Cuando lo conocí yo tenía 17, él 22. Su inteligencia, su carisma y la solvencia con la que había superado los dramas de su familia me hacían idealizarlo. A su lado, yo era una niña ignorante que solo había llorado dos o tres veces por desamores, y él un hombre maduro y responsable. Sin ser tanta la diferencia de edad, la relación era desigual.
A los dos años, a él le ofrecieron un trabajo en Estados Unidos. Había estudiado un ciclo de informática y estaba trabajando en una empresa tecnológica española, como soporte técnico de un software novedoso por entonces. Pero, en un viaje de trabajo, conoció a un par de chicos interesados en introducir aquel producto en el país, lo vieron desenvuelto y quisieron confiar en él. Sería el responsable de soporte de algo parecido a una filial independiente a la que se le presuponía futuro, aunque puso una condición: tendrían que incluirme en el pack a mí.
Yo acababa de completar mi primer año de carrera. Sentía esos deseos de comerme el mundo tan definitorios de la juventud y, además, estaba enamorada. Veía lo de estudiar en una universidad extranjera como una excelente oportunidad, así que le dije a mi madre:
—Me voy, ¿eh? Ya soy mayor de edad y me voy.
Él se marchó antes para ir asentándose. Y yo, en cuanto terminé los exámenes, partí a su encuentro.
Mi exótica aventura… sin salir de casa
Por algún motivo, la nueva empresa decidió asentarse en San Jose (California). A mí me habían atribuido funciones de comercial, aunque hasta entonces mi experiencia profesional se había reducido a camarera de catering en un par de eventos.
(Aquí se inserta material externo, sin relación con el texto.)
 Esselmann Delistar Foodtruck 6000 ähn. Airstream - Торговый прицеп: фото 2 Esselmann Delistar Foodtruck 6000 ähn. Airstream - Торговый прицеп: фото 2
La primera hostia de realidad fue la de la convivencia. Yo acababa de salir de mi burbujita de confort familiar y aún estaba por madurar. Él no era muy paciente conmigo y, la mayoría de las veces, se comportaba más como un padre reprensor que como una pareja.
Pese a todo, al mes de estar allí, me sentía más o menos acoplada. Mi trabajo pasó a ser muy accesorio y ni siquiera me pagaban, aún no había empezado trámites en mi presunta nueva universidad y no conocía a nadie. Pero, al menos, tenía una rutina, había comenzado a conocer la ciudad y estaba dando clases de inglés.
Fue entonces cuando él tuvo que volver a España para no incurrir en situación irregular, porque se agotaban sus 90 días de plazo máximo de estancia. Yo me quedé sola en aquel país desconocido y sin nadie de confianza. La empresa no tenía presupuesto para cubrir mi viaje también, así que me quedé allí y lo esperé.
Aquella aventura tan prometedora se convirtió en un encierro interrumpido únicamente para salir a comprar. Iba al súper, veía la tele hasta las tantas y, por las tardes, bajaba a la piscina comunitaria, por donde no se dejaba ver una sola alma.
Si eso, te vas viniendo tú
Mientras yo andaba viviendo mi lastimosa aventura en el extranjero, mi novio estaba en nuestro pueblo pegándose unas buenas vacaciones de verano. Mi madre lo veía de terraceo con los amigos y se la llevaban los demonios. «¿Cómo podía estar divirtiéndose tanto mientras yo andaba a miles y miles de kilómetros, sola y desvalida?», pensaba ella.
Yo me fui sabiendo que nos volveríamos a separar en pocas semanas, pero el giro de acontecimientos viene ahora: estando aún en España, me llamó para decirme que cogiera todas mis cosas, sus cosas y volviera, sola, porque él ya no iba a volver. Me explicó que lo había estado pensando mucho y que no le gustaba el cariz que estaban tomando las cosas respecto a la empresa. Sospechaba que no iban a durar mucho en el negocio.
Siete u ocho días después, ya en España, aparecí por el aeropuerto acarreando bártulos con todas mis extremidades, incluyendo su guitarra. Cuando mis pobres padres me vieron venir a lo lejos, avanzando a duras penas, tentados estuvieron a darle a él una colleja en lugar de correr a abrazarme. Y luego otra a mí. Al menos, llegué a tiempo de echar la matrícula del segundo curso de la universidad.
Lo recuerdo como una experiencia más, ya lejana y más que superada, es mi madre la que lo cuenta cuando viene al caso. La buena mujer, junto a mi padre, pasó lo suyo.
La relación se terminó un año después. Me dejó por teléfono y con serias sospechas de que había tenido algo con una compañera de trabajo, así que se precipitó del altar en el que yo sola lo coloqué. No he vuelto a idealizar a nadie.